The reply should contain every line of the data, repeated exactly, and no pictures.

-------- DATASET CONTENT

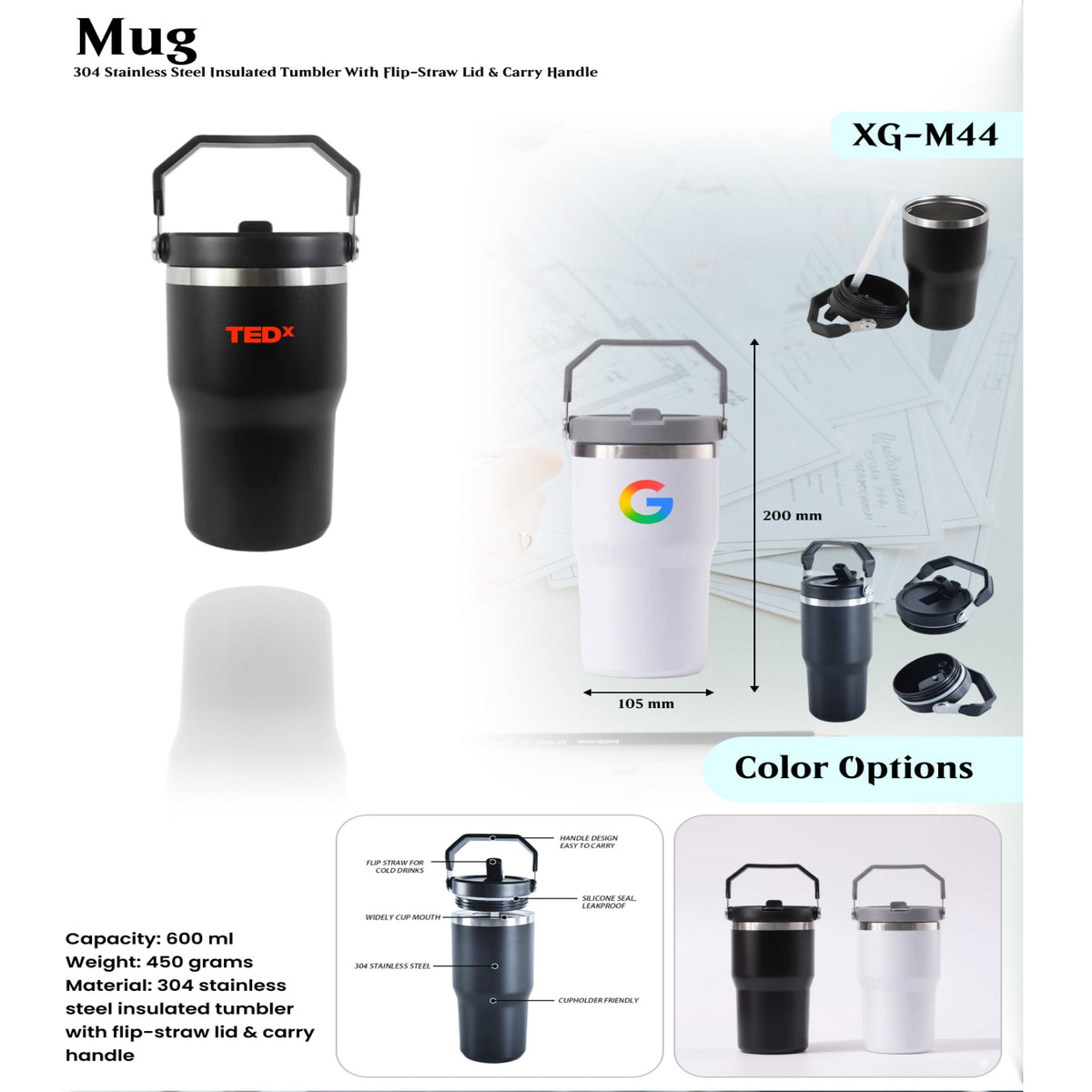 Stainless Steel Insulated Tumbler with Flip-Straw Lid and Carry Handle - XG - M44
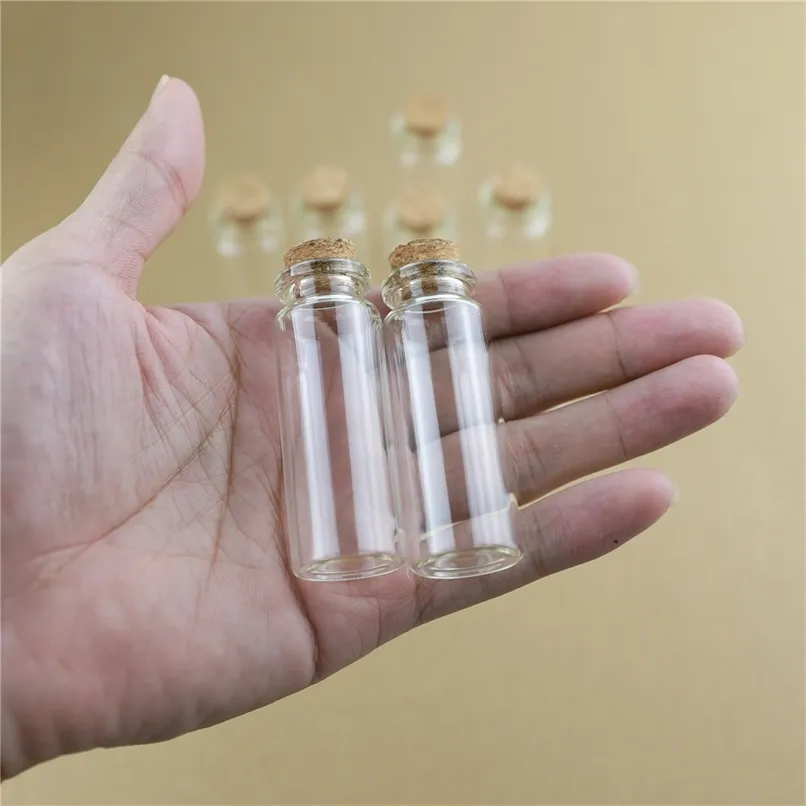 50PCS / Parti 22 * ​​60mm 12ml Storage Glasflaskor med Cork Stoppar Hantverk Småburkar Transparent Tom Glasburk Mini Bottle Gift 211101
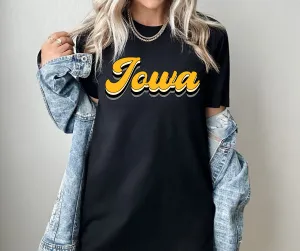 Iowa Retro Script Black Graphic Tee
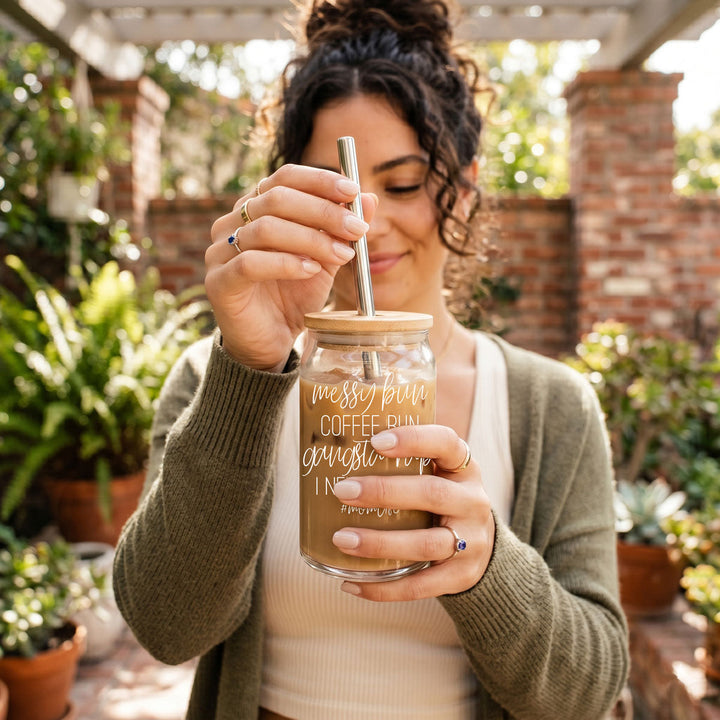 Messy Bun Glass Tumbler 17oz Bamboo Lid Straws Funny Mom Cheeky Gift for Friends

----------------

WRITTEN ANSWER
 Stainless Steel Insulated Tumbler with Flip-Straw Lid and Carry Handle - XG - M44
 50PCS / Parti 22 * ​​60mm 12ml Storage Glasflaskor med Cork Stoppar Hantverk Småburkar Transparent Tom Glasburk Mini Bottle Gift 211101
 Iowa Retro Script Black Graphic Tee
 Messy Bun Glass Tumbler 17oz Bamboo Lid Straws Funny Mom Cheeky Gift for Friends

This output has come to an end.